Required action => Pictures aside, copy exactly each line from the one that holds "(W) 프라다 모놀리스 브러쉬드 레더 샌들 블랙" through the last line of the records below.

Stored entries:
# # # # # # #
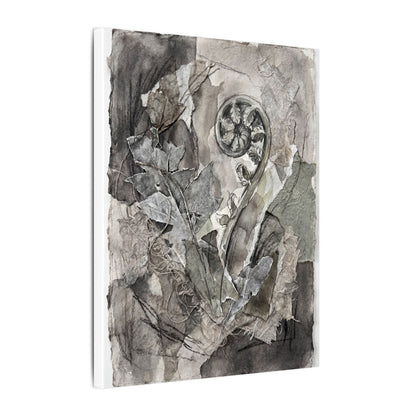 Japandi Fern Unfurling in Overcast | Texture Canvas Art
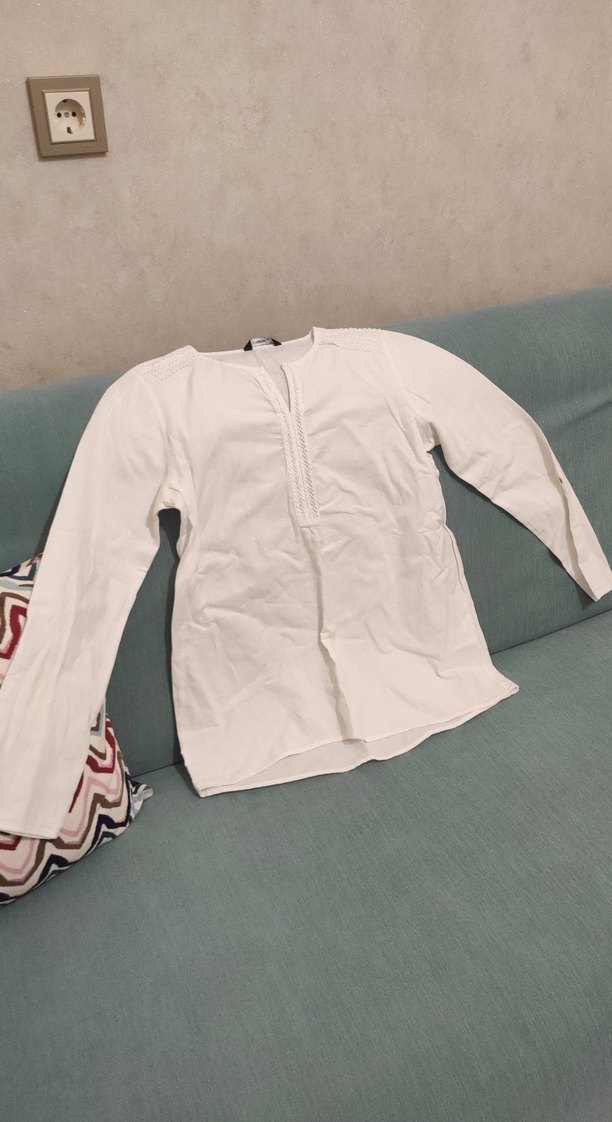 Beyaz Uzun Kollu Keten Gömlek 36 beden - Görsel 3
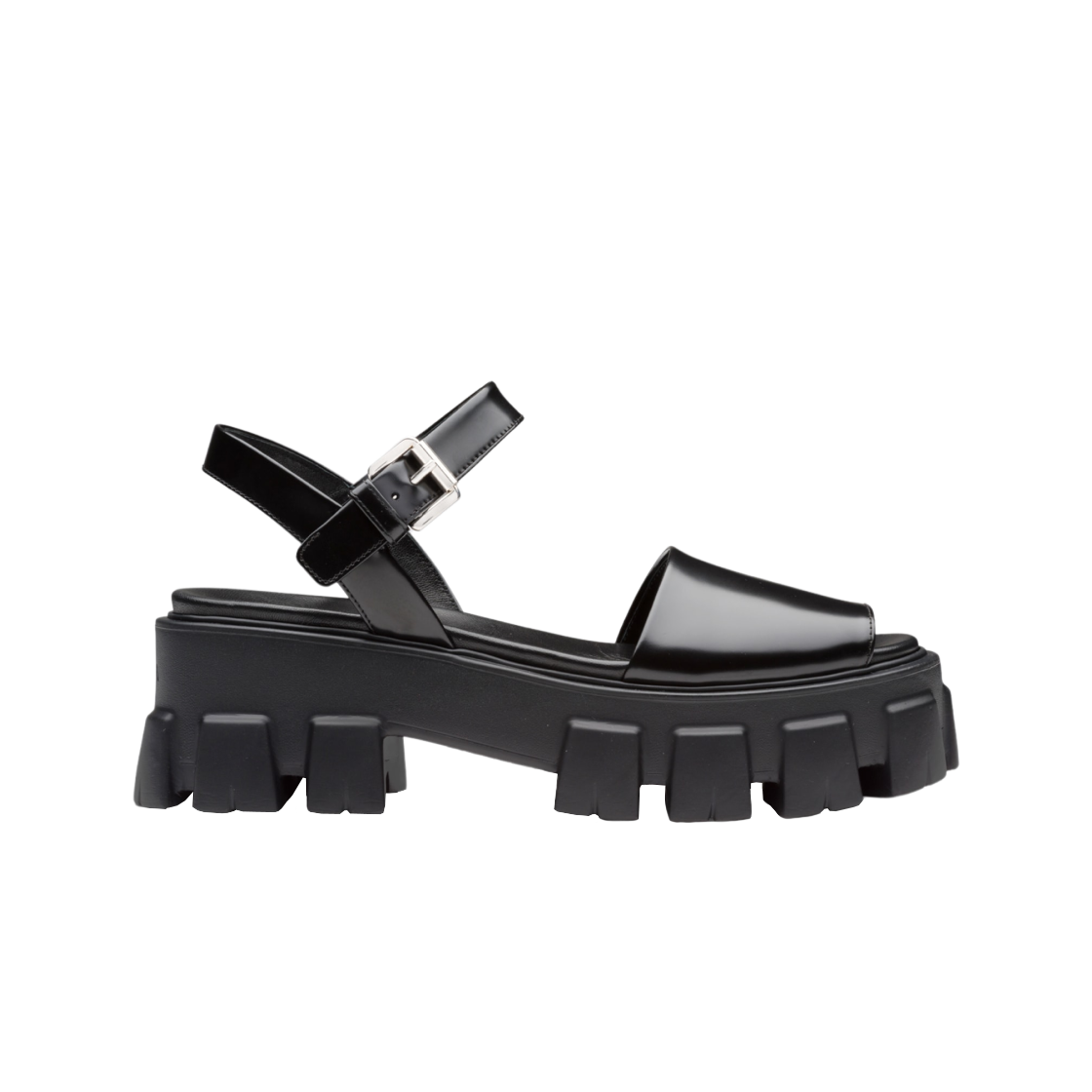 (W) 프라다 모놀리스 브러쉬드 레더 샌들 블랙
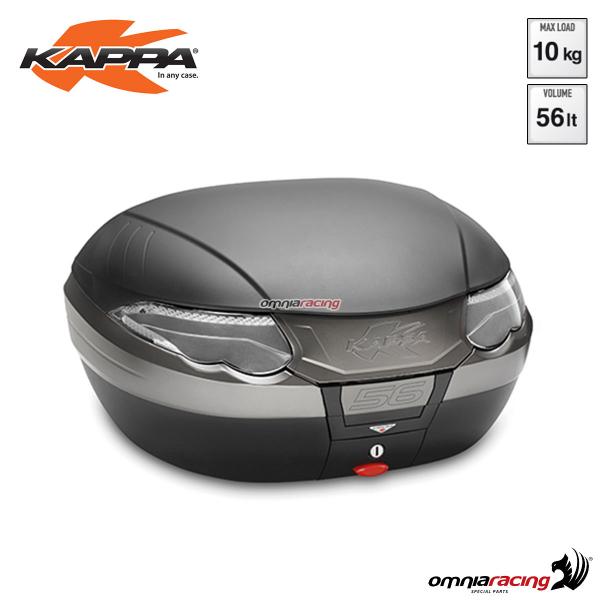 Valigia laterale Kappa K56NT Tech Monokey volume 56 litri ABS con catadiottro silver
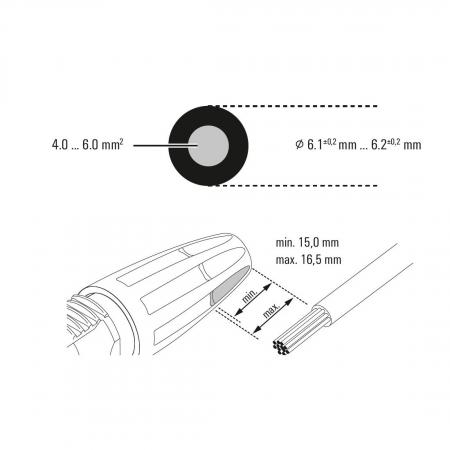 Connector compatible MC4 female positive Push-In 4-6 mm² Weidmüller PV-STICK+ VPE10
# # # # # # #
Reply =>
 (W) 프라다 모놀리스 브러쉬드 레더 샌들 블랙
 Valigia laterale Kappa K56NT Tech Monokey volume 56 litri ABS con catadiottro silver
 Connector compatible MC4 female positive Push-In 4-6 mm² Weidmüller PV-STICK+ VPE10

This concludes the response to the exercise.